- Church: Lutheran
- See: Samland
- In office: 1518–1550
- Predecessor: Günther von Bünau
- Successor: Joachim Mörlin

Personal details
- Born: c. 1478
- Died: 1550 Balga

= George of Polentz =

George of Polentz (born: c. 1478; died: 1550 in Balga) was bishop of Samland and Pomesania and a lawyer. He was the first Lutheran bishop and also a Protestant reformer.

Polentz was a member of an old Saxon noble family. He studied law in Bologna and was private secretary to the papal Curia, then stood as a soldier in the service of Emperor Maximilian I. Under Margrave Albert of Brandenburg-Ansbach, the Grand Master of the Teutonic Order, he came to Königsberg. Polentz was confirmed as Bishop of Samland by the Curia in 1519.

Johann Briesmann taught him Hebrew and the teachings of Martin Luther. Polentz was regent of Prussia during the absence of Duke Albert from 1522 to 1525. He worked together with the lawyer Erhard of Queis, the Bishop of Pomesania. Already in 1523 Polentz converted to Lutheranism. He gave his first Lutheran sermon at Christmas 1523 in Königsberg.

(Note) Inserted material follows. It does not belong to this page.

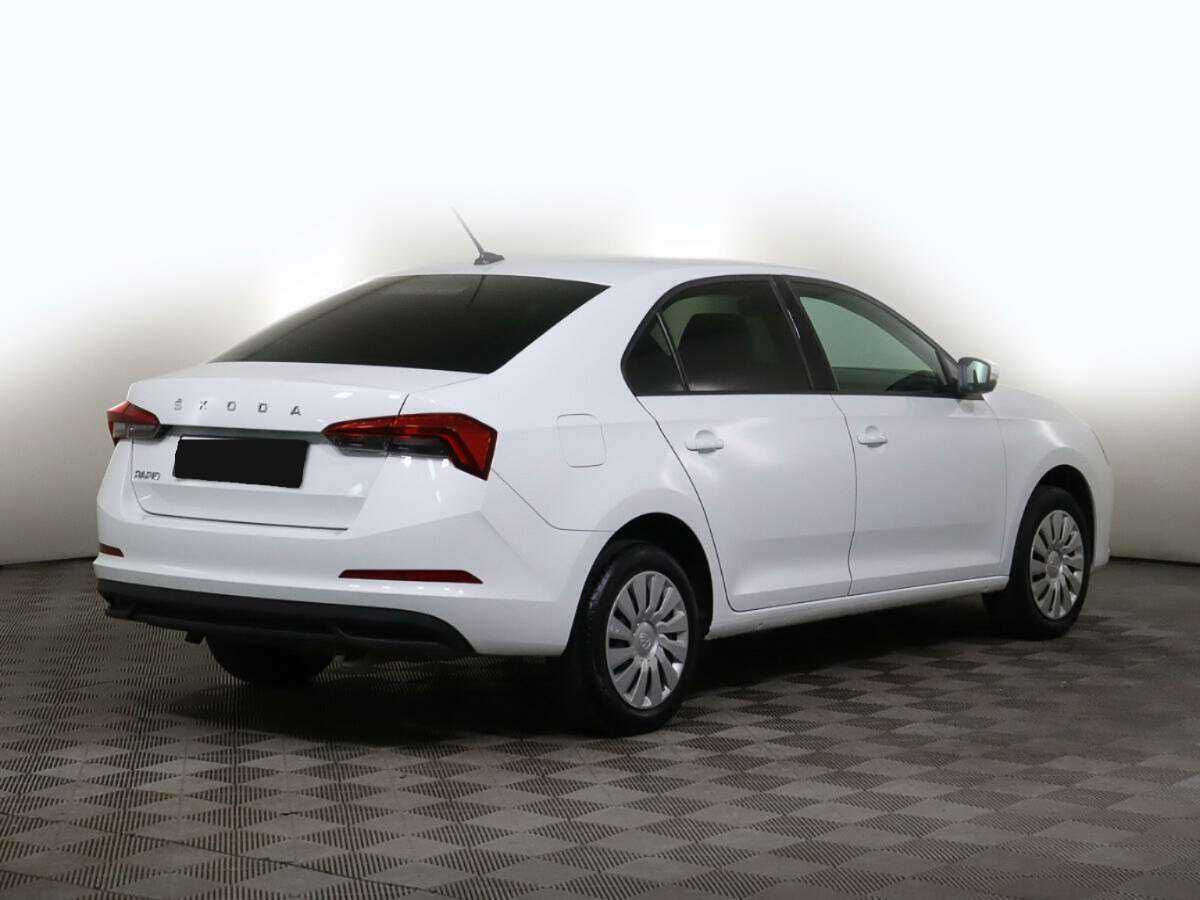 Skoda Rapid с пробегом — 2021 год. Фото: #3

Already on 18 January 1524 Polentz ordered to only use native languages at baptisms. He forbade the widespread pagan worship of Perkūnas, symbolised by the goat buck, in the same year, repeated in 1540. When Albert gave his approval, bishop Polentz launched the Reformation in Prussia. After Albrecht 1525 transformed the Teutonic State of Prussia into the secular Duchy of Prussia, Polentz invited a large number of Protestant clergy into the country, such as the reformer Ambrosius Feierabend, who had been exiled from Elbing in 1539. The Prussian estates established the Lutheran Church in Prussia by the Church Order decided on 10 December 1525.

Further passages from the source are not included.